His hire date had no real significance to him. But a year later and subsequent years, Sept. 11 took on a whole new meaning for him and many people worldwide.
As the 12th anniversary of what could be called one of the worst days in American history approaches, more than 300 firefighters from seven states climbed 110 stories in the William R. Snodgrass Tennessee Tower in Nashville on Sunday in remembrance of the 343 firefighters and paramedics who lost their lives at the World Trade Center in New York.
Teams, including two from Hopkinsville Fire Department, started climbing around 9 a.m. after a brief opening ceremony and finished around 1 p.m.
Thirteen local firefighters participated; Wood was one of them.
Each team made four trips, climbing up 28 stories each trip. Participants each carried photo IDs of a New York Fire Department firefighter who died on Sept. 11. When a team completed its fourth climb, members came out into the plaza and announced their team.
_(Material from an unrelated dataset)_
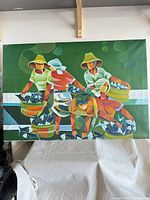 full view of unframed oil painting showing figures and fish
Each person read the name of the firefighter they had carried with them and rang a silver bell in his or her honor.
Spence Sowell, 32, has been a firefighter in Hopkinsville for nine years. This was his second year participating in the climb. He said the climb was something he believed in doing.
“I’m a fireman,” Sowell said. “I feel connected to these guys who lost their lives, and I want to pay tribute to them for giving their lives. Every year that I can, I’m going to climb for them so their legacy lives on. I don’t want them to ever be forgotten.”
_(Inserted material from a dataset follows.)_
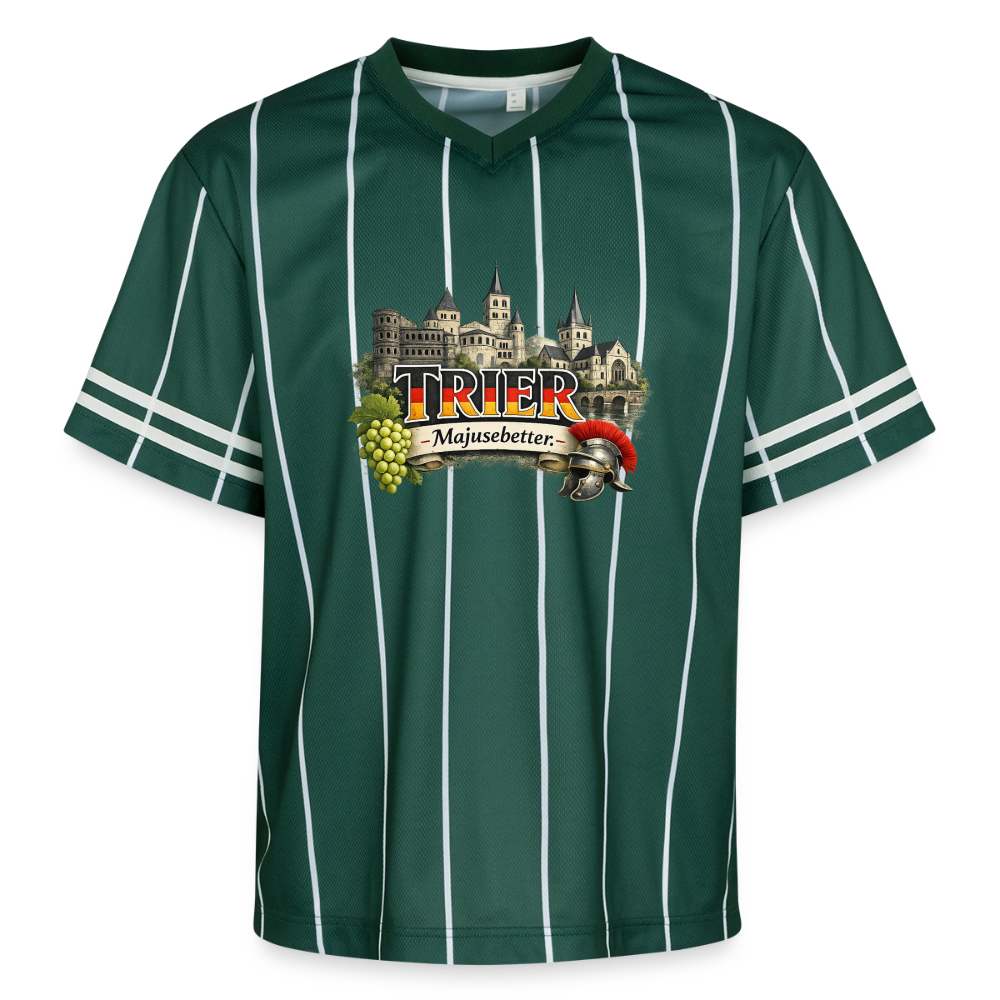 Trier Unisex Football Style Mesh T-Shirt - Dunkelgrün/Weiß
Sowell said that when the 9/11 attacks occurred, he was working for Budweiser. His wife was pregnant at the time. Sowell remembers thinking of his unborn child that day and, in a sense, losing faith in the world. It’s one of the reasons he became a firefighter, he said.
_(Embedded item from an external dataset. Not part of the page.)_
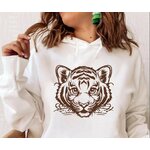 tête bébé tigre face motif thermocollant sweat pull homme femme enfant bébé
“Seeing (the attacks) and knowing that those guys gave their lives for all those people made me want to risk my life for our local people,” he said.
For Capt. John Burke, 38, it was his third year at the climb. He said he was working when the attacks occurred and he has carried the events of that day with him since.
“This is a small way for me to try to pay back (those who died) and to carry on and honor the tradition,” Burke said. “It’s a good opportunity to lead from the front and set a good example for the younger men.”
For Hopkinsville firefighter Curtis Nightingale, 40, this was his first time participating. He said he had wanted to do before, but it hadn’t worked out schedule-wise until this year.
“It’s kind of neat to remember those guys and promote health and fitness in the fire service at the same time,” he said.
While the firefighters climbed, families and friends set up camp in the tower’s plaza while watching, on big-screen TVs, as teams climbed past cameras placed in some of the stairwells.
Many were emotional. During the opening ceremony, a tape of 9-1-1 calls and NYFD radio recordings was played as well as some audio from news clips. They were graphic and heartbreaking and many of the people listening cried.
The sadness in the beginning, however, was only outmatched by the excitement of the crowd and the firefighters as they finished their fourth laps and rang the bell for the firefighters they had carried with them.